The landscape of reading is even more complicated as it is affected not only by publishing, but also by new technologies, emerging new media and communication channels, educational programmes, and social norms. The complexity and variety of reading habits across the world, social groups and professions is captured and presented in the second chapter, which also includes presentation of modern science of reading and the outline of the reading future as seen by some researchers.

The third chapter relates to the sensitive issue of free digital content and the development of modern books in this environment of unlimited access to unpaid information, music, film and stories in all possible formats. The author accepts the situation as it is and discusses the issues of piracy, copyright protection and the possible future developments. The tensions between making living out of creative production and free of charge contents is examined as a condition for new business models. The tested and evolving ones are presented in all their variety. One can expect further complications and solutions in this area as the new formats and technologies evolve. The parallels with music industry and newspaper transformation in this part are explicit, but the solutions found by music and news creators are not always usable by book publishers.

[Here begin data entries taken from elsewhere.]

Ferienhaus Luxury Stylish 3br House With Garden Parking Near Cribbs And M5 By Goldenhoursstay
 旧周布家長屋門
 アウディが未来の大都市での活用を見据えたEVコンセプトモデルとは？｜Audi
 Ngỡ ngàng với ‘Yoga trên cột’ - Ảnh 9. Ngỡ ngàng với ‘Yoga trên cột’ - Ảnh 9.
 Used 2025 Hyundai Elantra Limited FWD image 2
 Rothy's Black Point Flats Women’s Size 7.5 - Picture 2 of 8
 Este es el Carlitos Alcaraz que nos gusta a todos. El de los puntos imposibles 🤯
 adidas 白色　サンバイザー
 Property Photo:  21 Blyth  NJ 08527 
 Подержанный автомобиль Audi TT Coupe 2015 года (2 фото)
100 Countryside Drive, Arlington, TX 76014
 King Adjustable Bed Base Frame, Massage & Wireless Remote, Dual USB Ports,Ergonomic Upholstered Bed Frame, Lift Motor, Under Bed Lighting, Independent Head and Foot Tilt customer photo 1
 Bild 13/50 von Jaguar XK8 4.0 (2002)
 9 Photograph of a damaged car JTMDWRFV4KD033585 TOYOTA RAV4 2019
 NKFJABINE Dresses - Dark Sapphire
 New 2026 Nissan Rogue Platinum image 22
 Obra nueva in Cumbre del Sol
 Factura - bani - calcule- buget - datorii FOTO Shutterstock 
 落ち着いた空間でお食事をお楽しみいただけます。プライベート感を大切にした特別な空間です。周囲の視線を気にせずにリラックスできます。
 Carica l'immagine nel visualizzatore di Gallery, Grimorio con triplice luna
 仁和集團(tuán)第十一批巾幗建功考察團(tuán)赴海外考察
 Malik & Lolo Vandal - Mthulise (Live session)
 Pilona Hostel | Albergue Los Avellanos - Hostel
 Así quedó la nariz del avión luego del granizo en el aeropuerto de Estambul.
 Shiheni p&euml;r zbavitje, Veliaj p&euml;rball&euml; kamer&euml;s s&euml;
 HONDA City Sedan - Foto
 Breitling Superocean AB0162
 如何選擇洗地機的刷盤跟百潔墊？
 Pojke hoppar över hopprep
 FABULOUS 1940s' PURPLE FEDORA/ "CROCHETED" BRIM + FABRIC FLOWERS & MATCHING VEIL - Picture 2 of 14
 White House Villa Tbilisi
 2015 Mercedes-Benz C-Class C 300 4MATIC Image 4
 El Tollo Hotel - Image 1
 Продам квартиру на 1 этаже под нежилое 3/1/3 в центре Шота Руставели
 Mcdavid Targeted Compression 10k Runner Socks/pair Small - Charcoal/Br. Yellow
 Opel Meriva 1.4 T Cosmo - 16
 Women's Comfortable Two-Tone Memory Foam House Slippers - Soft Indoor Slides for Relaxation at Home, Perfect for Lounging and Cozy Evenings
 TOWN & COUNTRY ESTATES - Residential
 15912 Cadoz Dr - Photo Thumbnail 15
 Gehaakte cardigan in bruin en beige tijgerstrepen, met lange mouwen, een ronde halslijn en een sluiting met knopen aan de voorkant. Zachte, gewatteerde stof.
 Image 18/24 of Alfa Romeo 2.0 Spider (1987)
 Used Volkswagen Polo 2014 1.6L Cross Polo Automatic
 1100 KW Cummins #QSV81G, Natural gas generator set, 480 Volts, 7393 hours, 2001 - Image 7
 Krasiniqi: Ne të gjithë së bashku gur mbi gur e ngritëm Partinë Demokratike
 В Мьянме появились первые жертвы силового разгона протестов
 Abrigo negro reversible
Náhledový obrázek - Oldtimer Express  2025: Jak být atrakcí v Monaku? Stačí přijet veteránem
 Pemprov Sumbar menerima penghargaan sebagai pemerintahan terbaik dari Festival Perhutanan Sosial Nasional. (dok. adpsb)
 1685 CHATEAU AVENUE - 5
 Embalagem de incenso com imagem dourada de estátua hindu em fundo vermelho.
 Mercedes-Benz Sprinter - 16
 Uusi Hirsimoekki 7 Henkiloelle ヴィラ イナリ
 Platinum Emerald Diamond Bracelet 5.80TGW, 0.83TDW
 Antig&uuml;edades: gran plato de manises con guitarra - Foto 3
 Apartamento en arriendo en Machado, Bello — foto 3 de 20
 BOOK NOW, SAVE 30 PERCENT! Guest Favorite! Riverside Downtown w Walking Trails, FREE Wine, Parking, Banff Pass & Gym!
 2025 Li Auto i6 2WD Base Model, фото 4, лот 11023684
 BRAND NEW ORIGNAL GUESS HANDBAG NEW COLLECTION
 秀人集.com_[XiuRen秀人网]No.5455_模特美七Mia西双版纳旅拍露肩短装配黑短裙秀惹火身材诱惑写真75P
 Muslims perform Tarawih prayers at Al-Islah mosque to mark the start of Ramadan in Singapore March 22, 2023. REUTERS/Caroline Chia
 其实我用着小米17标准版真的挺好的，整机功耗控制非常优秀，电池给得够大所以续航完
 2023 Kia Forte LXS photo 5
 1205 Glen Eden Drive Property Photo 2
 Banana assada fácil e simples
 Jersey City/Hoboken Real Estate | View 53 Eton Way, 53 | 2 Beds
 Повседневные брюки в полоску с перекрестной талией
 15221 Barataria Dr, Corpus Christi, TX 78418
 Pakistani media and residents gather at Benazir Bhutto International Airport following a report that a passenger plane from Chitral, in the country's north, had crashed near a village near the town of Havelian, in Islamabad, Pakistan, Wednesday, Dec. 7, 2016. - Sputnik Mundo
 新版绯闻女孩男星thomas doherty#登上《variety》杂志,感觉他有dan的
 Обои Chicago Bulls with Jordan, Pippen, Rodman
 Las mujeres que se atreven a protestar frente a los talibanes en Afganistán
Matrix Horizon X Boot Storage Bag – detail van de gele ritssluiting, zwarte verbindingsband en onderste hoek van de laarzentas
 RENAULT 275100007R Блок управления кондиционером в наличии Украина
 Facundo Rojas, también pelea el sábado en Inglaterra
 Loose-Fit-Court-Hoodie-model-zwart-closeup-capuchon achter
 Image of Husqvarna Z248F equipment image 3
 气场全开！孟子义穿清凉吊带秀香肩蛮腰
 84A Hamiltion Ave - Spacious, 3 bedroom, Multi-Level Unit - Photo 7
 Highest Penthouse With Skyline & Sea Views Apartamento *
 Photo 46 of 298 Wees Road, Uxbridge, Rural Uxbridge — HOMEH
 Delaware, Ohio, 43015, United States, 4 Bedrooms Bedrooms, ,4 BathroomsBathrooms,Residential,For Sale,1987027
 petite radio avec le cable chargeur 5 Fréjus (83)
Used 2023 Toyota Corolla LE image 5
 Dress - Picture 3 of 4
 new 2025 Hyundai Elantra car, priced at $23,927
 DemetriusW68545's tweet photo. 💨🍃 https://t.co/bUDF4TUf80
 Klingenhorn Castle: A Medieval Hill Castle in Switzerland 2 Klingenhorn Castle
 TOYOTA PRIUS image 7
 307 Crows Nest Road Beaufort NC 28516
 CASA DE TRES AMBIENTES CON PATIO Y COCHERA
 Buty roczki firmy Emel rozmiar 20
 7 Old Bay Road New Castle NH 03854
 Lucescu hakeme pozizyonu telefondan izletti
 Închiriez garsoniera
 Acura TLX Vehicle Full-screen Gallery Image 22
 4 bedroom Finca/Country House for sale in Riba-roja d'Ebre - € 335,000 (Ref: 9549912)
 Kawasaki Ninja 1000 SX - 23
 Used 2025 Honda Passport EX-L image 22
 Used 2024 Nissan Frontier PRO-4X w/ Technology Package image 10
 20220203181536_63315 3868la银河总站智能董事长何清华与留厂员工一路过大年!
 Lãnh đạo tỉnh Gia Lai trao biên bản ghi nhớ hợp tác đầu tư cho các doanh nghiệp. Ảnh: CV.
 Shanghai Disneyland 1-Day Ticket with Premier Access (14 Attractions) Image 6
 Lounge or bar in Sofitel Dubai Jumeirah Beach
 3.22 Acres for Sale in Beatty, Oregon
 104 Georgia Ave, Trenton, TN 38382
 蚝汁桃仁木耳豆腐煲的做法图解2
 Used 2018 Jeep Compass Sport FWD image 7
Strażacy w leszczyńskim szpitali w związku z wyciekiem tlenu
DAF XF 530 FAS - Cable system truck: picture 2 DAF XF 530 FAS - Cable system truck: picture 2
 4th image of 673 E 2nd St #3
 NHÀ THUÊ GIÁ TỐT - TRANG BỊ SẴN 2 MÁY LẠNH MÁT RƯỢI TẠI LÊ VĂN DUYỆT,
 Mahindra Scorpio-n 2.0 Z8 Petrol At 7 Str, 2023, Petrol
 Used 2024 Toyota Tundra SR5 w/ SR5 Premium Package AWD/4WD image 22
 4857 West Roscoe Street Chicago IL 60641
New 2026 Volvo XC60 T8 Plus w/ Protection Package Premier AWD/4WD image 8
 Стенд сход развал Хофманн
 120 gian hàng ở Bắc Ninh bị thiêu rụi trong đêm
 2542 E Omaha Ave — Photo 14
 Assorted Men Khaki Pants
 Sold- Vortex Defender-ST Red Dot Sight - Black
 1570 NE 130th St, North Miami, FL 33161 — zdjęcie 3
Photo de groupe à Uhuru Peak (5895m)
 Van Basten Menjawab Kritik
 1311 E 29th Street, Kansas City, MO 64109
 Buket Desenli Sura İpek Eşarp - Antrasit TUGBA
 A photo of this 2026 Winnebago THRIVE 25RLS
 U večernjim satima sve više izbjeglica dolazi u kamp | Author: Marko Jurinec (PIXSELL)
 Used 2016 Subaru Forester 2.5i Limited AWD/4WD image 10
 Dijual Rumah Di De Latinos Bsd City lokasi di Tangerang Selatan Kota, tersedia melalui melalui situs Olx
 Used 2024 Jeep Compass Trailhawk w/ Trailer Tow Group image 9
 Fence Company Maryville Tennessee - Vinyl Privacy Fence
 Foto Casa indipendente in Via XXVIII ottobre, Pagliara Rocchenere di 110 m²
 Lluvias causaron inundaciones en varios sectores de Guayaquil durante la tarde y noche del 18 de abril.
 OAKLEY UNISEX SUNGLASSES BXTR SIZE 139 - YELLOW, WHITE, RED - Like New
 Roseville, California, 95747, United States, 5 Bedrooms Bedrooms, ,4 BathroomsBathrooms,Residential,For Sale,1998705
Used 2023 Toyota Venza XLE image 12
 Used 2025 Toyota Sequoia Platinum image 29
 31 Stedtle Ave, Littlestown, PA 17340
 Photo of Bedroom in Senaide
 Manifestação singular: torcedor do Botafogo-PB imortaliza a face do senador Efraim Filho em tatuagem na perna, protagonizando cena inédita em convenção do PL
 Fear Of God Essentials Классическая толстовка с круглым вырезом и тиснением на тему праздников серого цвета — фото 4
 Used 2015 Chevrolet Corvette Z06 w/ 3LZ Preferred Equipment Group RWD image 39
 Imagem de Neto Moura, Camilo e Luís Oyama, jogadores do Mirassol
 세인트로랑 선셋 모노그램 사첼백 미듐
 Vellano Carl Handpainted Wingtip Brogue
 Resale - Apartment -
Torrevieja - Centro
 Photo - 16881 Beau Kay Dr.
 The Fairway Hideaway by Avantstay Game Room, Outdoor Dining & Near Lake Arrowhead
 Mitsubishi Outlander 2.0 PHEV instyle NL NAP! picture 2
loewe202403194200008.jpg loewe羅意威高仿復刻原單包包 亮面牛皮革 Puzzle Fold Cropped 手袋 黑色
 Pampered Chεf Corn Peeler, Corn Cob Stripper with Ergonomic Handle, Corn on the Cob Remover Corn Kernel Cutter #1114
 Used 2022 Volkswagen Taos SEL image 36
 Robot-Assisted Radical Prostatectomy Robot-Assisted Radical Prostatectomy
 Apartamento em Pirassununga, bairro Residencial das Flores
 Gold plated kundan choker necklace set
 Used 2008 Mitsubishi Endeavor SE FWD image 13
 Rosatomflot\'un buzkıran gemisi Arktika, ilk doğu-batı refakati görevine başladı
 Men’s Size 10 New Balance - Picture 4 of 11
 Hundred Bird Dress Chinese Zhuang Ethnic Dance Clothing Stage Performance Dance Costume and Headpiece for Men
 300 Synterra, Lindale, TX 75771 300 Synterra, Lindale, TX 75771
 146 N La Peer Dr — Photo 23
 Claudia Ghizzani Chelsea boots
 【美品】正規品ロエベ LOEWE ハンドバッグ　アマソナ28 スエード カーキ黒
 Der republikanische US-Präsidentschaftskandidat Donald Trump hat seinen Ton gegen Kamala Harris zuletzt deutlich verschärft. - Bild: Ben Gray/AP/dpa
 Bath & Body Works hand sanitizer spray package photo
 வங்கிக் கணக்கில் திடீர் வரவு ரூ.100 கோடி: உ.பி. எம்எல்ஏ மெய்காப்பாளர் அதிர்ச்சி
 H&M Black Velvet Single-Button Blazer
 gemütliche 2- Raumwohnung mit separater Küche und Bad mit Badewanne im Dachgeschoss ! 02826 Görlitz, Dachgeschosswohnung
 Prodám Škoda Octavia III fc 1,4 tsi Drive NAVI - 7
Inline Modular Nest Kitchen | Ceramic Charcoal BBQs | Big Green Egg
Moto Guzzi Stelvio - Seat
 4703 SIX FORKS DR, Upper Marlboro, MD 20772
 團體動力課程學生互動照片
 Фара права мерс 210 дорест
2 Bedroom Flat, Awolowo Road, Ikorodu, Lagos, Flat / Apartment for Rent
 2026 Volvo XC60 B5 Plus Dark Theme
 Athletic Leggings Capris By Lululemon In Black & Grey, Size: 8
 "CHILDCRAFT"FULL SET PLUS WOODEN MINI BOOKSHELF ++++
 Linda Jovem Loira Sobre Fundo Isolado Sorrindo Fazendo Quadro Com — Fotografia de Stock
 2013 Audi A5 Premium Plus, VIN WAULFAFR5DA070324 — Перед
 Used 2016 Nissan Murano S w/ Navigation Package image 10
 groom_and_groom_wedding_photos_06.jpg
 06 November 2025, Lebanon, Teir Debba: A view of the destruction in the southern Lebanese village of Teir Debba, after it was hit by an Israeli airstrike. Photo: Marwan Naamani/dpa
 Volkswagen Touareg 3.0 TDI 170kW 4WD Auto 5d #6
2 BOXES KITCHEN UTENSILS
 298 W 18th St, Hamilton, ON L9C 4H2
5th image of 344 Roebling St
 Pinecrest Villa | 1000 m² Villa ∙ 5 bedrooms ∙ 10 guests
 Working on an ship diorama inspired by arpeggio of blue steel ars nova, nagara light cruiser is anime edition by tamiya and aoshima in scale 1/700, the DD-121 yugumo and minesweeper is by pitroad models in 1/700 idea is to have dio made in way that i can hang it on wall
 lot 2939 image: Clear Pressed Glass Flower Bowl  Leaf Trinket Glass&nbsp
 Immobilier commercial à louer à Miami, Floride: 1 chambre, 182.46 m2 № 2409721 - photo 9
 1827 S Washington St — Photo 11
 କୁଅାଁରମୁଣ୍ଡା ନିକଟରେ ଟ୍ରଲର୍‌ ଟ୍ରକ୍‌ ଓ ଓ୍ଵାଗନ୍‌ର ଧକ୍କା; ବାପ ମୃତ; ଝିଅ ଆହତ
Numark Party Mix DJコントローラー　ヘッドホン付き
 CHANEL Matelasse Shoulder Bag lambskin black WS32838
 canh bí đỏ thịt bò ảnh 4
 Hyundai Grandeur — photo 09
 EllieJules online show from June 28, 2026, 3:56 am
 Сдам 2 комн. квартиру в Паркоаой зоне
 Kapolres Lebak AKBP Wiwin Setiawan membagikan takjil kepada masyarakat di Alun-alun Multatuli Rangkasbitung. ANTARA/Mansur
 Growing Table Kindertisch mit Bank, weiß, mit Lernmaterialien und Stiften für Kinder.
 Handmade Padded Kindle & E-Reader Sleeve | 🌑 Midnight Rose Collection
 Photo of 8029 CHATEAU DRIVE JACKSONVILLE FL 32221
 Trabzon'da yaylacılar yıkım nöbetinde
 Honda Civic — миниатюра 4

Business models are also central in the chapter on digital capital. This title did not seem to me quite revealing the content as I perceived it as much wider and richer than the title suggests. It actually looks into a variety of forms of circulation of e-books and books, as well as the ways of promoting the books and reading. But at the end of the chapter the author brings these separate threads together and presents a model of digital capital as a form of relational marketing of digital content.

The fifth chapter discussed the issues of global culture and consequences of English language domination on the local publishing, translation and spread of the texts. I have read this chapter with great interest as translation is my point of entry into the publishing industry, from which I can observe it as a participant, not only external researcher or member of a public distribution community. Despite being available worldwide, e-books in local languages are still constrained by the local language. This makes a huge difference for the development of e-book production for small language groups.

The book closes with the chapter on convergence and diversity of technologies, media, texts, readers and possible futures. Being optimistic about the place of books in the future world, the author nevertheless presents areas of tension and sketches different potential directions of the development in our book production and reading culture. The book is written from the point of view of English speaking and writing world, but it is enriched by the global perspective not only through authors readings, but also through his respondents from different national backgrounds.

Turning the page also has a big advantage of being a quite compact book. Written in clear language, including a wide range of information and data but without overwhelming the reader, and making clear points of reference and importance it will serve as a useful teaching aid and textbook for many academic courses in humanities and social sciences, not to speak of publishing studies that it addresses directly.


  • Baron, D. (2009). A better pencil: readers, writers and the digital revolution. Oxford: Oxford University Press.
  • Bhaskar, M. (2013). The content machine: towards a theory of publishing from the printing press to the digital network. London: Anthem Press.
  • Piper, A. (2012). Book was there: reading in electronic times. Chicago: The University of Chicago Press.
  • Thompson, J.B. (2010). Merchants of culture: the publishing business in the twenty-first century. Cambridge: Polity Press.
  • van der Weel, A. (2011). Changing our textual minds. Manchester: Manchester University Press.